ーくそ、俺ってこんなにコミュ障じゃなかったよな…好きな人、紺野さんといるだけでこんなに言葉が出てこなくなるなんて…何か話題を探さないと…

 奏太は自分から話さなければと思い、色々考えるものの緊張が邪魔して何も言い出せない自分にもどかしさを感じていた。しばらくボーッと考えていると、糸成から電話がかかってきた。

「おっ、見つかったかも!」

 奏太は美沙にそう言ってから電話に出た。

「もしもしソウタ?今高木さんを見つけて一緒にそっちに向かってる!」

「よかった!今どの辺?」

 奈緒を見つけたという糸成の連絡に奏太はニッコリと笑って美沙の方を見ると合図をした。美沙もそれを聞いてホッとしたように胸を撫で下ろした。

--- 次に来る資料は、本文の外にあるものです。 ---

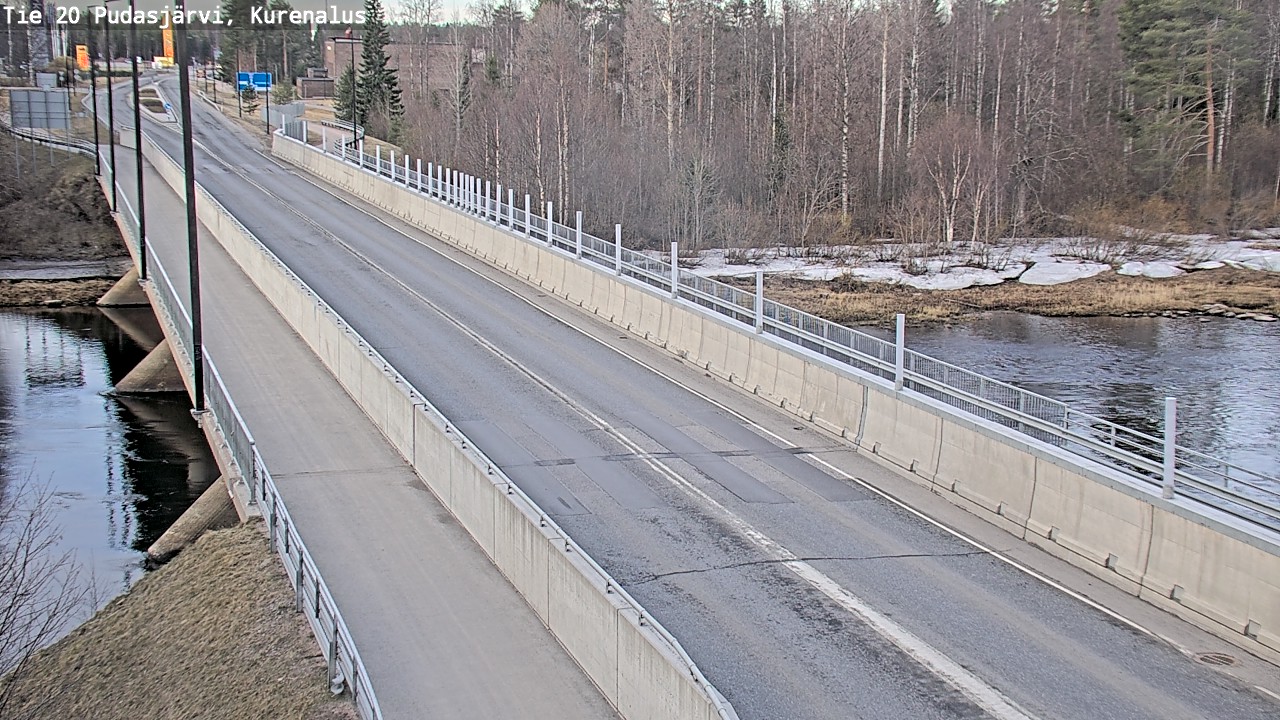 Weather Camera Image Road 20 Pudasjärvi, Kurenalus, Pudasjärvi, Pohjois-Pohjanmaa
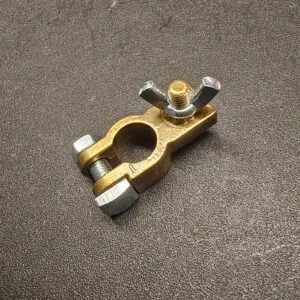 Batterieklemme MIN mit Flügelmutter M8 - oben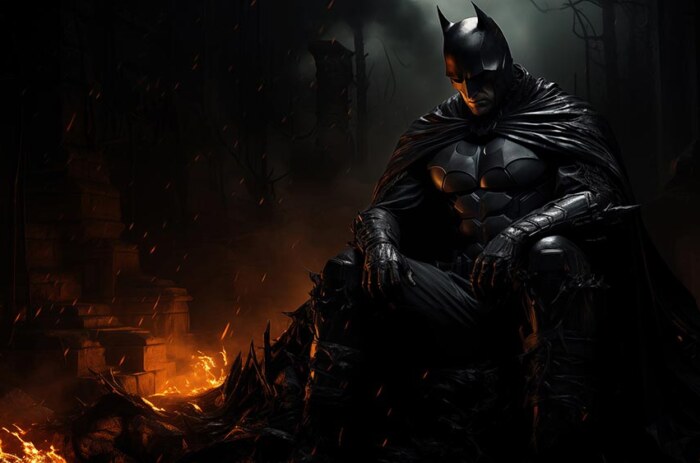 Fond d'écran Batman Dark Knight 4K HD pour PC de bureau Mac ordinateur portable mobile iPhone téléphone téléchargement gratuit fond ultraHD UHD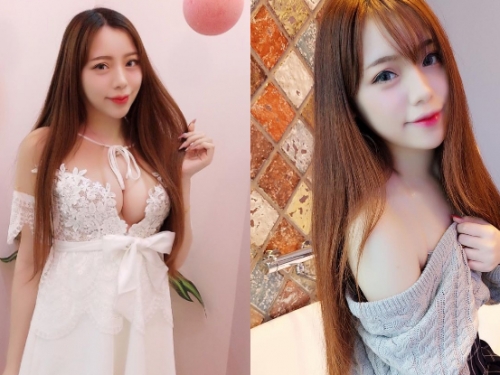 男人都中意！超兇妹子「鍾依依」換上甜美小洋裝超夢幻，巨美雪乳卻從胸前瘋狂溢出！
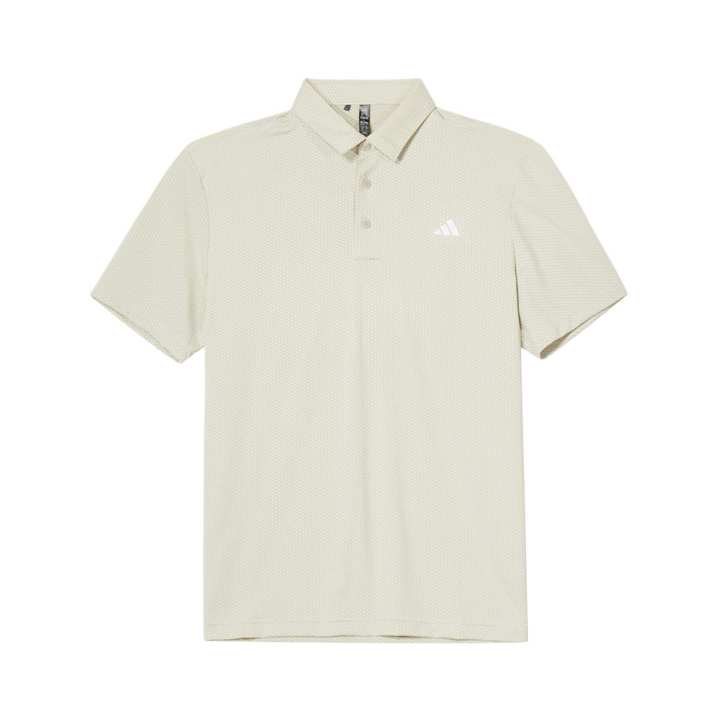 Adidas Adidas Golf Clothing Men's White/Miracle Bauxite Brown Polo Collar Moderate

「ちょうど屋台の一番奥の方にいたもんで急いでそっちに向かってるところだよ。悪いがそこで待っててくれ!じゃあまた後で!」

 糸成はそう言って電話を切った。

 奏太は携帯を片付けると美沙の方を見て言った。

「一番向こうの屋台の方まで行ってたって。今こっちに向かってるらしい!」

「よかった…」

 美沙はそう答えると微笑んだ。そして空を見上げると

「これで安心して花火見れるね。」

 と一言呟いてからまた黙って空を見続けた。奏太はそれを聞いて少しドキッとしたが、きっとそんなに深い意味はないのだろうと心の中で自分に言い聞かせ、赤くなった顔を隠すために俯いた。

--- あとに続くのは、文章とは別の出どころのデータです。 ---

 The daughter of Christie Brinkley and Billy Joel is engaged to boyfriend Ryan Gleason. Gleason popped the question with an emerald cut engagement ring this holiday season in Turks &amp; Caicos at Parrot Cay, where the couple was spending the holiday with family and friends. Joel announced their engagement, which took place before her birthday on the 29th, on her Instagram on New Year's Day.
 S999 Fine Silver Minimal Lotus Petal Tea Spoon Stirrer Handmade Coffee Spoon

 しばらくして美沙は奏太の様子を横目で確認すると静かに呟いた。


「ねえ、」


「えっ?」


 咄嗟のことで奏太は思わず驚いた。



「春日くんって優しいよね」

「えっ?」

 奏太はまた驚きの声を出してしまった。自分の好きな人が突然自分の親友のことを褒めたので驚愕するのも無理は無い。先ほどの「えっ?」よりも強く、若干の疑問の混じった声が漏れた。

「そうでしょ?せっかくみんなで花火大会に来たのに私なんかのために親友である大橋くんと離れて奈緒のこと見つけてくれるなんて…それに私の怪我も心配してくれたし!」

 美沙は上を見続けながらそう言った。

「あっ、もちろん大橋くんが親切じゃ無いって言ってる訳じゃないよ!大橋くんも怪我した私の側にいてくれてとても安心できるから!」

 奏太の方を見て慌てて付け加えた。

 奏太は美沙の言葉をしっかりと聞くと、答えた。

「ああ、あいつはすごい優しいよ。」

ー確かにあいつは本当に優しい奴だ。俺のことを応援して紺野さんとふたりっきりにするために自分が進んで探しに行ってくれた…。あいつのおかげでせっかく二人きりになれてもまともに話ができず、黙り込んじゃう俺なんかよりよっぽどいい奴だ。紺野さんが気に入るのも無理は無い…

 美沙が糸成を褒めたことで完全に彼女が糸成のことを気に入ったと思い込んだ奏太は少し卑屈な考えに至り、そして同じことを噛み締めながら繰り返した。

「本当にいい奴だよ…あいつは。俺なんかよりよっぽど…」


 その様子を横目で見ていて美沙は静かに微笑むと一言呟いた。


「ナオが好きになっちゃうのもわかる気がする。」



「んん?」

 美沙の言葉を聞いてネガティブになっていた奏太は意表を突かれた。


「それってどういう…」



 …その時だった。突然空がパッと明るくなり、大きな音が響いた。19時、花火が始まったのだ。